Data for this task:
-- Opening Marker --
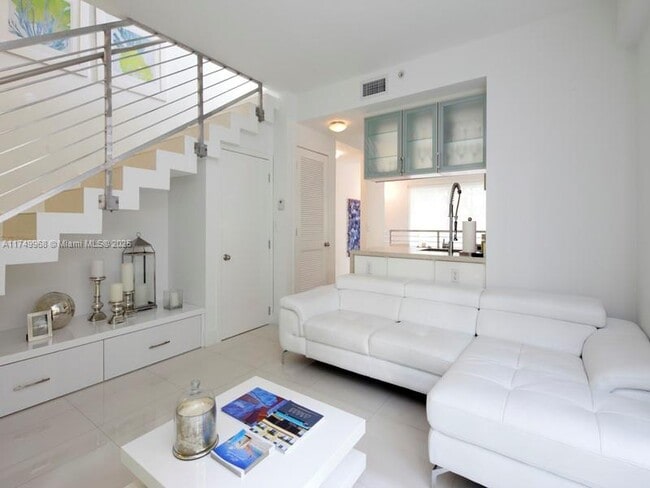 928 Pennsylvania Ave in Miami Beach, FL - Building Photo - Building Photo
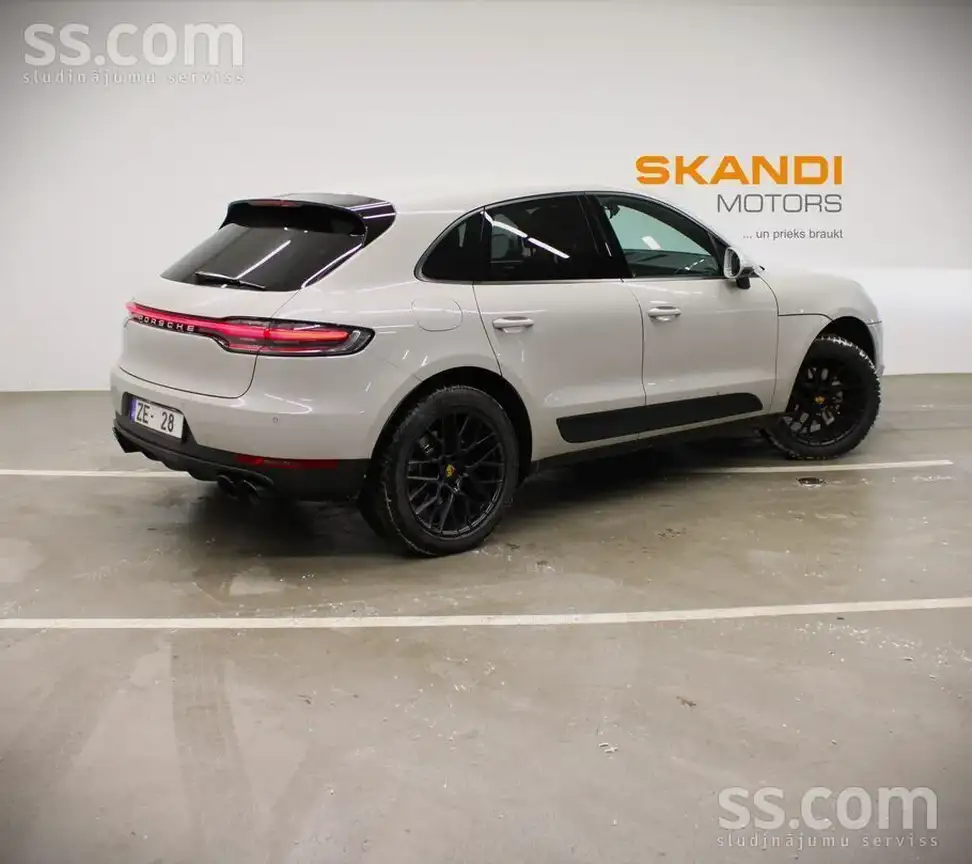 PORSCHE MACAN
-- Closing Marker --
-- Opening Marker --
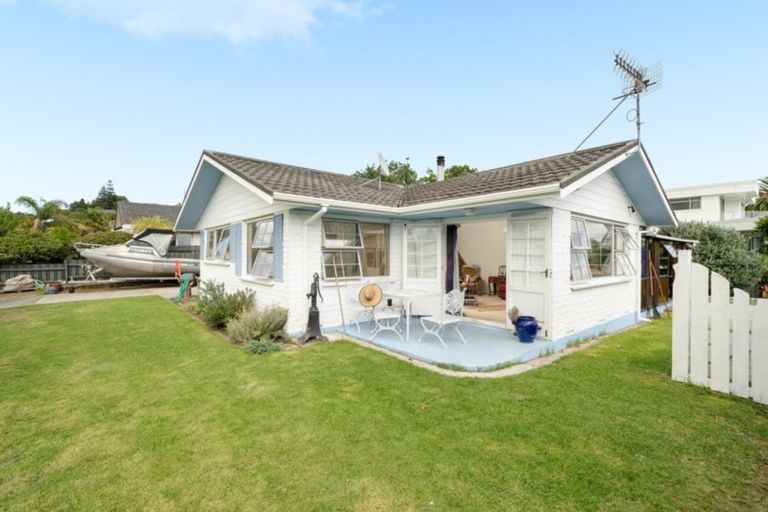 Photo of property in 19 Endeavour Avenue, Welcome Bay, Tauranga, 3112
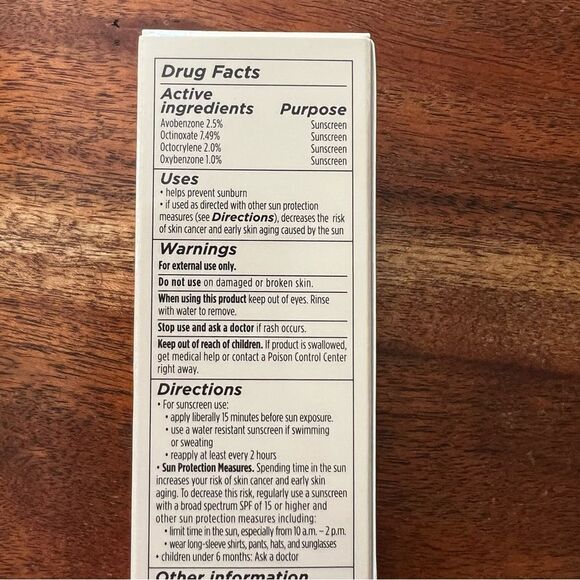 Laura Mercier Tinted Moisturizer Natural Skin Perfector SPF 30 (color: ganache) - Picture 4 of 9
-- Closing Marker --
Activity:
All lines above from the one containing "Photo of property" up to and including the one containing "Laura Mercier Tinted" are to be set down exactly, and nothing else. Leave images out.

Solution for this exercise:
 Photo of property in 19 Endeavour Avenue, Welcome Bay, Tauranga, 3112
 Laura Mercier Tinted Moisturizer Natural Skin Perfector SPF 30 (color: ganache) - Picture 4 of 9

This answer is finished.